Quant à moi, j’estime que les attitudes de Jésus dans les évangiles envers les faibles et les rejetés ainsi que ce que dit le pape Benoît 16 dit dans « Africae munus » aux numéros 55 à 59 peuvent nous aider à aller plus loin sur la route d’éradication de cette horreur de notre région : « les femmes apportent une grande contribution à la famille, à la société et à l’église avec leurs talents ». Toute violence les empêche de jouer leur rôle.
Le pape invite les disciples du Christ à combattre tous les actes de violence contre les femmes, à les dénoncer et à les condamner.
En visant la femme garante de la culture, symbole de la vie, de l’éducation, c’est l’honneur, la virilité et la dignité du père, du mari, du frère et du cousin qui est atteint. Ainsi, la victime, la femme (mère, sœur, épouse) peut - être mal jugée. Le viol est une source de honte, c’est un tabou. Un enfant issu du viol sera toujours perçu comme l’enfant de l’ennemi.
Le viol a des conséquences considérables comme la destruction physique, et psychologique de la femme. Le viol ébranle la société dans son fondement car il anéantit l’avenir de la société. Détruire la femme, c’est tuer le fondement de la société car la femme porte les valeurs culturelles. Elle est l’éducatrice de la société, génératrice des êtres, pilier de l’économie, elle est l’âme de la société, qui tue la femme détruit la société, détruit la vie.
Alors comment accompagner, plaider et soigner les victimes de cette violence pour qu’elles retrouvent leur place centrale au cœur de la société, au coeur de la famille, au cœur de l’Eglise ? Et quelle catéchèse donner aux familles, aux communautés de base, sur le péché pour que la victime soit accueillie, intégrée et célébrée comme une résurrection ?

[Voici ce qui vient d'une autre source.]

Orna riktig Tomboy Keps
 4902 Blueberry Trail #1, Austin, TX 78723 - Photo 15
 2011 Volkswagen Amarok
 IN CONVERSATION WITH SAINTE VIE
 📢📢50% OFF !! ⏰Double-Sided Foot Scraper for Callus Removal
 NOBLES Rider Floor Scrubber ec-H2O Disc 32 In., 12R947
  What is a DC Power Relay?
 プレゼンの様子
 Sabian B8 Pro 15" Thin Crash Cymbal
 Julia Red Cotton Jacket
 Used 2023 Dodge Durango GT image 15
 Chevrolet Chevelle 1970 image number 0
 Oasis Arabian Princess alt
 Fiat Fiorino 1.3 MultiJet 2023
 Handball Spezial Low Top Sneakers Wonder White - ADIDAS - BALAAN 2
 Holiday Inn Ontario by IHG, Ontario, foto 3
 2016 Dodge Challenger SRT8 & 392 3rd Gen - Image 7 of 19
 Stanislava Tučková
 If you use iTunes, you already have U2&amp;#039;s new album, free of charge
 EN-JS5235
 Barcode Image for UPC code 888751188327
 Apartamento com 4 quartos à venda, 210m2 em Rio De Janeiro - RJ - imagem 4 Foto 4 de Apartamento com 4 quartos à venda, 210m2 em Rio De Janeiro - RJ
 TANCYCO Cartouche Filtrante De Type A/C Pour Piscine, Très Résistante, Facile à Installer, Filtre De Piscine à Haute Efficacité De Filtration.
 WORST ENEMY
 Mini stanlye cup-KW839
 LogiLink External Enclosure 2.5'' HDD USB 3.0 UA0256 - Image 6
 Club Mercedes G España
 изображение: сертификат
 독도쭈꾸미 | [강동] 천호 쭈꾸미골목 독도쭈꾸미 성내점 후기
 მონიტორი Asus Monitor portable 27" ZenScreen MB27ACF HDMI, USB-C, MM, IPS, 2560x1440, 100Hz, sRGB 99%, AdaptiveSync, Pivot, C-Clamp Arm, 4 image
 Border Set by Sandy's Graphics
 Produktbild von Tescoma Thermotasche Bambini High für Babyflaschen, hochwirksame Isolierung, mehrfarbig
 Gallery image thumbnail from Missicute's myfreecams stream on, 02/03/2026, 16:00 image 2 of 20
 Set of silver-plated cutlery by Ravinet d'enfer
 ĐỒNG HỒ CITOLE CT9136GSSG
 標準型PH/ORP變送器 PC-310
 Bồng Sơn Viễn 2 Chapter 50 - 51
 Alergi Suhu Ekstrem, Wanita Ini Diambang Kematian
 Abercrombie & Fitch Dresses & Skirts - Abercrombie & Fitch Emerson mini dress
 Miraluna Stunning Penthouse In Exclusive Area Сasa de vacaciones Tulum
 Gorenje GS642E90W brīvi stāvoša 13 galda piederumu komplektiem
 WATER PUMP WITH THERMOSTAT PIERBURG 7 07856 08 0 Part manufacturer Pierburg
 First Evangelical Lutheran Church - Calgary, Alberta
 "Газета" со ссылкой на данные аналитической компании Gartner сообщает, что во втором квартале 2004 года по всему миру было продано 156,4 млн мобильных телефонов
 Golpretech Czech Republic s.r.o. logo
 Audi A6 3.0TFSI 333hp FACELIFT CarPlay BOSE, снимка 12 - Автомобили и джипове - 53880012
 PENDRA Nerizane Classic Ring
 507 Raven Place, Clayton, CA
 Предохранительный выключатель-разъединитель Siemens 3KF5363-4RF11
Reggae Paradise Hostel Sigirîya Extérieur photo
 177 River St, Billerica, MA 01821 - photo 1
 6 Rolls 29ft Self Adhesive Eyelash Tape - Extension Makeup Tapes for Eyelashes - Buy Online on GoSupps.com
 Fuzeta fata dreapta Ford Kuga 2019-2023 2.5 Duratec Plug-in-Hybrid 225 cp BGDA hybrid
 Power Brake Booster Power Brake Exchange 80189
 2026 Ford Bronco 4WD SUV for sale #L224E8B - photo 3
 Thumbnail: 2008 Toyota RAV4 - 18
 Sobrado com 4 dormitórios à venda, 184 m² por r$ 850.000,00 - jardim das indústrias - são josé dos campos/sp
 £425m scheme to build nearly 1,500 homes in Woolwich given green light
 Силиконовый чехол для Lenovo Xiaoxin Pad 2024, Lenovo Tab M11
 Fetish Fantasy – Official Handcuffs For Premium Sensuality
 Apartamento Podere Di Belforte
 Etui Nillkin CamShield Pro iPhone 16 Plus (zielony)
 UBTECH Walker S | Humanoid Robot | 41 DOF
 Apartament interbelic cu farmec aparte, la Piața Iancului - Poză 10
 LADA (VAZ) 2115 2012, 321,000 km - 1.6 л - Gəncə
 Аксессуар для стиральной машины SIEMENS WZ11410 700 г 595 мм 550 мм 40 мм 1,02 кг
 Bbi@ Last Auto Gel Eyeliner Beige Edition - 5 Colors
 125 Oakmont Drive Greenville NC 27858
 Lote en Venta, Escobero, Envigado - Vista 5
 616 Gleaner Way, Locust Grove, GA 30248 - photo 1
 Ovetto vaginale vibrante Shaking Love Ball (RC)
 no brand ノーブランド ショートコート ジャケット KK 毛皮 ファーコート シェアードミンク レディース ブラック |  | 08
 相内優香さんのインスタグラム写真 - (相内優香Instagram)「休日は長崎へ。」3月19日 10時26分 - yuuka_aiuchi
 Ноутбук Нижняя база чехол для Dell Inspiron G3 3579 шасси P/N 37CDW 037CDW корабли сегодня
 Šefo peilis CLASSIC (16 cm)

(a) Nous saluons le travail d’écoute, d’accompagnement et d’aide pour redémarrer dans la vie que réalisent les ONG, les associations, les églises. bien que tout cela se fait en ordre dispersé et semble devenir le gagne pain pour certains ONG, associations ou des personnalités. Il est de notoriété publique d’inclure les femmes violées dans n’importe quel projet. Il s’agit d’aider la victime à se réconcilier avec elle-même. Car elle a tendance à se déprécier, à se culpabiliser et à être stigmatisée par sa communauté et sa famille : développer des lieux de formation et d’écoute pour cette femme en y intégrant l’Enseignement social de l’Eglise basé sur la dignité humaine qui reste inviolable.
(b) Mais ce premier niveau nécessaire de prise en charge de ces victimes de violences est cependant insuffisant car il installe les victimes dans les groupes vulnérables dont on doit s’occuper mais ne restaure pas les victimes dans leur rôle social (période avant la violence et après la violence).
(c) Il faut aller plus loin comme le dit si bien le document d’ Africae munus : « les femmes sont pour les églises locales comme leur colonnes vertébrales, l’Eglise compte sur elles pour créer une écologie humaine. »
C’est pourquoi, des actions prophétiques fortes doivent être prises en faveur des femmes violées pour qu’elles retrouvent leur rôle comme mères, éducatrices, gardiennes des valeurs en les formant à devenir responsables de leur destin, en leur enseignant les principes de la doctrine sociale de l’Eglise Famille, les aidant à prendre leur part au développement de la communauté.